12. ^ "Erik Demaine and Martin Demaine". MoMA. Museum of Modernistic Art. Retrieved 8 June 2015.
13. ^ Dietz, Ada K. (1949). Algebraic Expressions in Handwoven Textiles (PDF). Louisville, Kentucky: The Niggling Loomhouse. Archived from the original (PDF) on 2016-02-22. Retrieved 2015-06-07 .

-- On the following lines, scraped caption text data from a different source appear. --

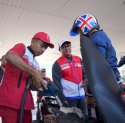 Pertamina Patra Niaga Regional Sulawesi Gelar Aksi Sosial dan Sapa Pelanggan di HUT RI ke-81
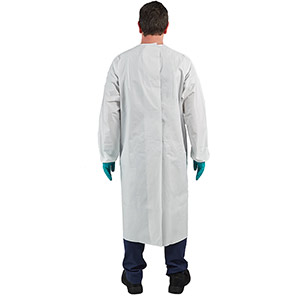 Ansell AlphaTec 2000 Model 214 White Chemical Gown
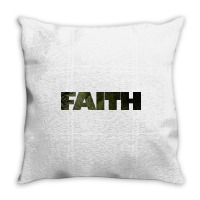 Faith Throw Pillow | Artistshot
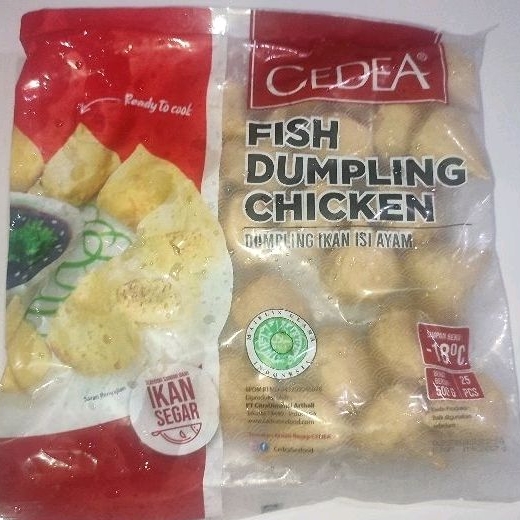 

Cedea Dumpling Chicken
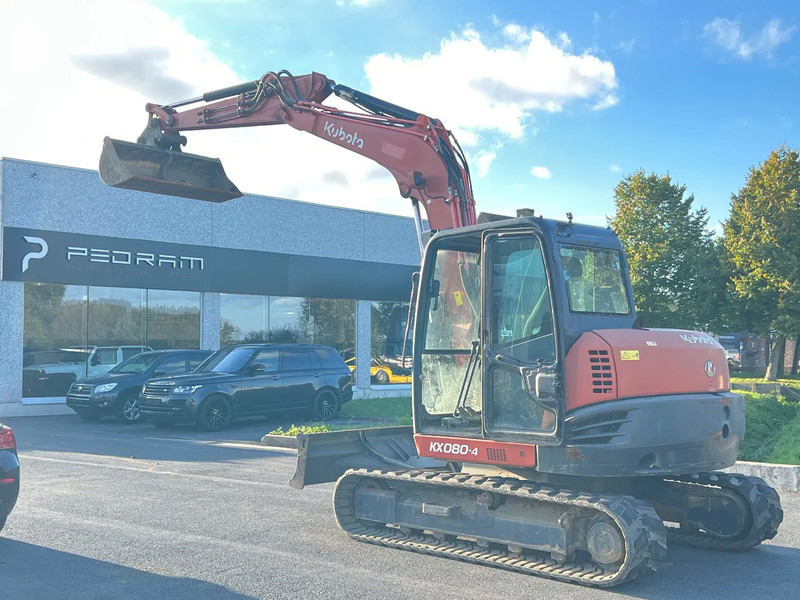 Kubota KX080-4 - Вседорожный кран: фото 1 Kubota KX080-4 - Вседорожный кран: фото 1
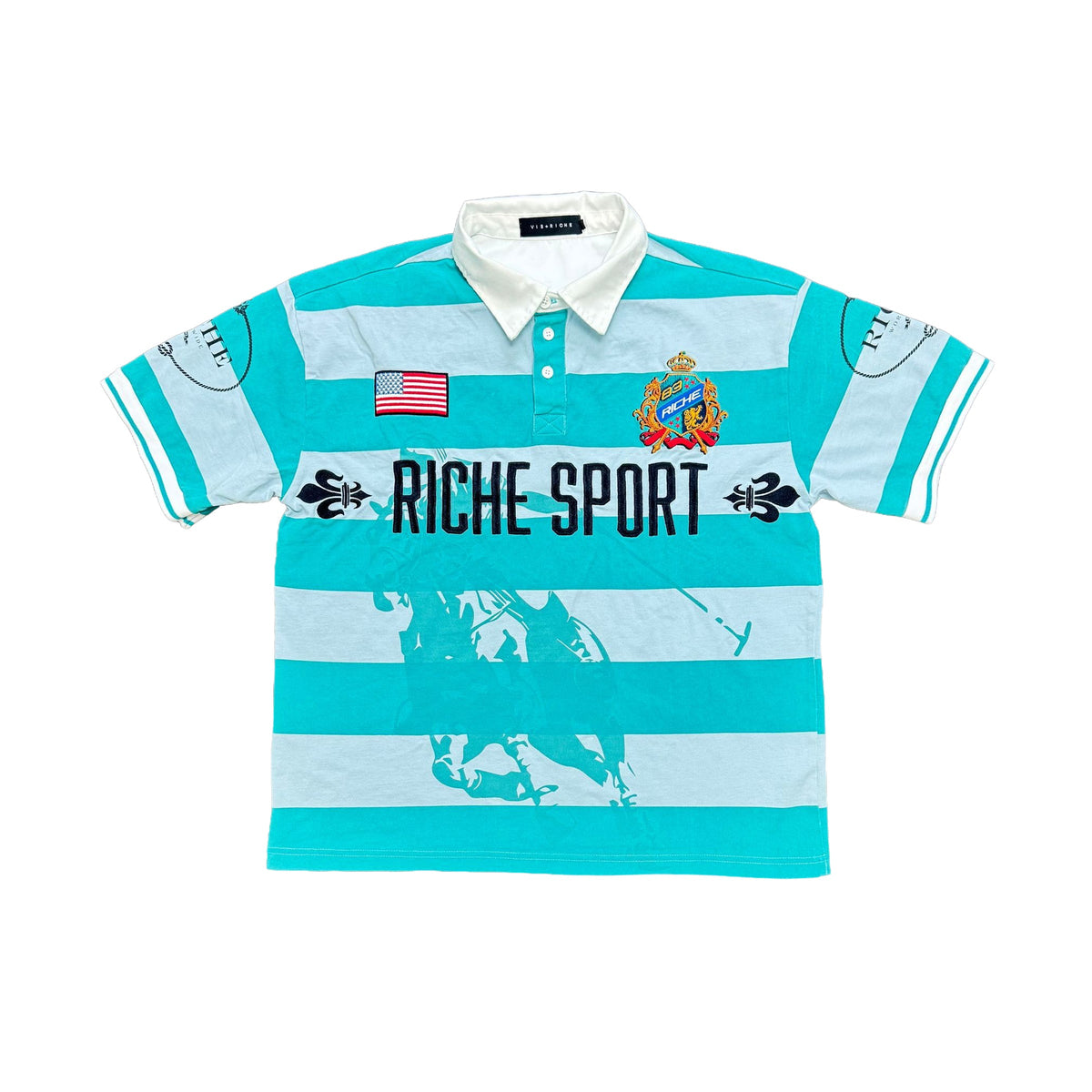 Polo Tee by VIERICHEPARIS, view 3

14. ^ Birch, K. (20 August 2007). "Cogito Interview: Damien Jones, Fractal Artist". Archived from the original on 27 August 2007. Retrieved vii June 2015.
15. ^ Bamberger, A. (2007-01-18). "San Francisco Fine art Galleries - Openings". Retrieved 2008-03-11 .
16. ^ "Gallery representing Draves' video art". Archived from the original on 2008-06-06. Retrieved 2008-03-xi .
17. ^ "VJ: It'southward not a affliction". Keyboard Mag. April 2005. Archived from the original on 2008-04-12. Retrieved 2015-06-08 .
18. ^ Wilkinson, Alec (2004-06-07). "Incomprehensible". New Yorker Mag.
19. ^ ^{a b c d} "Feature Column from the AMS". American Mathematical Society. Retrieved vii June 2015.
20. ^ "Albrecht Dürer". University of St Andrews. Retrieved seven June 2015.
21. ^ Beineke, Lowell; Wilson, Robin (2010). "The Early History of the Brick Factory Problem". The Mathematical Intelligencer. 32 (2): 41–48. doi:x.1007/s00283-009-9120-4. S2CID 122588849.
22. ^ Ernest, Paul. "John Ernest, A Mathematical Artist". University of Exeter. Retrieved 7 June 2015.
23. ^ "G.C. Escher and Hyperbolic Geometry". The Math Explorers' Gild. 2009. Retrieved 7 June 2015.
24. ^ "BBC 100 Women 2015: Iranian creative person Monir Farmanfarmaian". BBC. 26 November 2015. Retrieved 27 November 2015.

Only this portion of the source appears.